Managing a routine, especially when it involves chasing after what other people had done, may not be the most fashionable part of the job of leaders in most establishments, including microfinance institution. However, any organization that takes them for granted may have unwarranted challenges to deal with. Usually, and by the nature of the average person, we are easily attracted to the glamourous aspects of whatever we are doing. And this cuts across all human endeavours, but the life and soul of every organization lies in the not so showy part of the business.

Until bankers and their customers turned marketing into a nightmare for their staff, and this is not my conjecture being a fact in the public domain, most bank workers loved and often opted for what was then known as the Credit and Marketing function. It was the kind of job that allowed one to go out for a working lunch and meet new people almost on a daily basis.

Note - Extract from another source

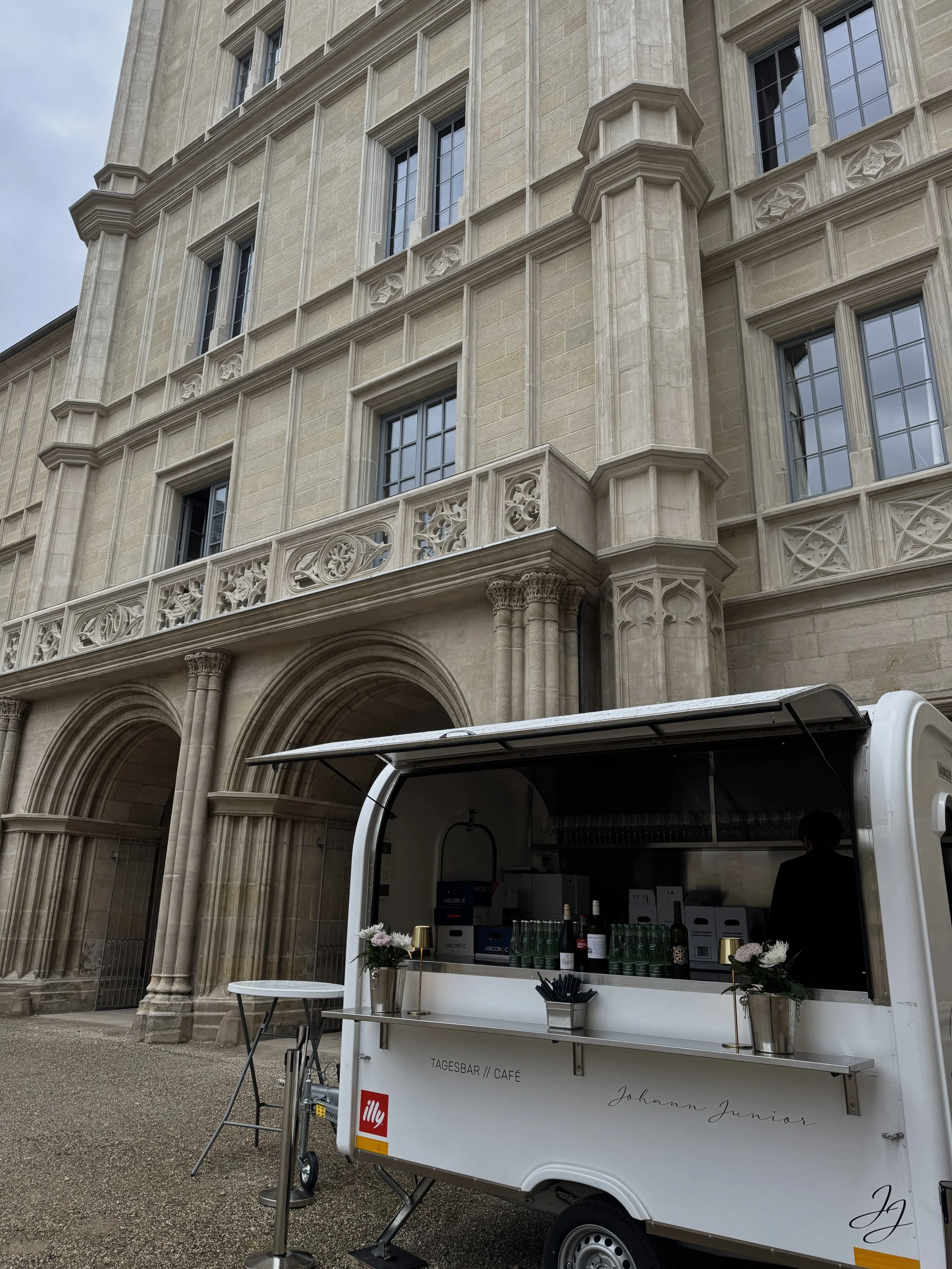 Mobiler Coffee- und Getränkeverkaufsstand im urbanen Außenbereich vor einem historischen Gebäude mit verzierten Fassaden. Der Stand ist weiß mit schwarzen und roten Akzenten und hat Blumen zur Dekoration.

And as if the conspiracy against other job functions was complete, it became a tradition, especially in the merchant banks to have the top leaders of the bank always come from that department.

Management of many financial institutions tended to create a culture that diminished the importance of monitoring and supervisory function like Credit Admin. And so, people began to overlook the importance of monitoring and supervision of transactions. Credit officers were unwittingly encouraged to grow their risk assets without much or a concomitant emphasis on what I call the “after sales service of a credit relationship”. Most people began to loath “the back office jobs”, which began to look like the place for substandard staff. And that is when trouble is likely to come calling.

Every microfinance institution must give priority to the monitoring and supervisory functions, especially as they relate to credit facilities. We may emphasise the fact that as microfinance institutions, we do more than microcredit; that is a fact. But the truth is that for most commercial microfinance institutions, the real gist is the microcredit function. This function, which is intense and multi-faceted, ensures that more than half the action of every level of management is open to others to cross-check and help fine tune.

How does this come about? Monitoring and supervision should aim at corporate effectiveness. Every member of staff of a certain stature must know what others are doing. This will be possible when the organization is broken into units with small effective teams and groups, under competent hands-on leaders that have deep interest in what their colleagues are doing. For example, a set of credit officers must be supervised by a competent Unit Head, who in turn is supervised by a higher level manager. This officer too will be supervised by another higher level officer- each higher level manager monitoring officers than the one below him. This is the way to get everyone to sing from the same page of the sae hymn book at the same time. Monitoring and supervision in this collegiate fashion creates a positive environment for healthy work. I call it Management by All of Us.

The gist of this emphasis on monitoring the activities of tram members is not in the mere breaking of people into groups. That is not an invention. What is important here is making sure that monitors actually monitor. There are several establishments in our country where supervisors get paid for doing everything other than supervision. That is why the conveniences in many of our public institutions stink all day, under the supervisors’ watch and no one gets fired. Do that in microfinancing you race heedlessly towards a holding action under the regulator’s big hammer.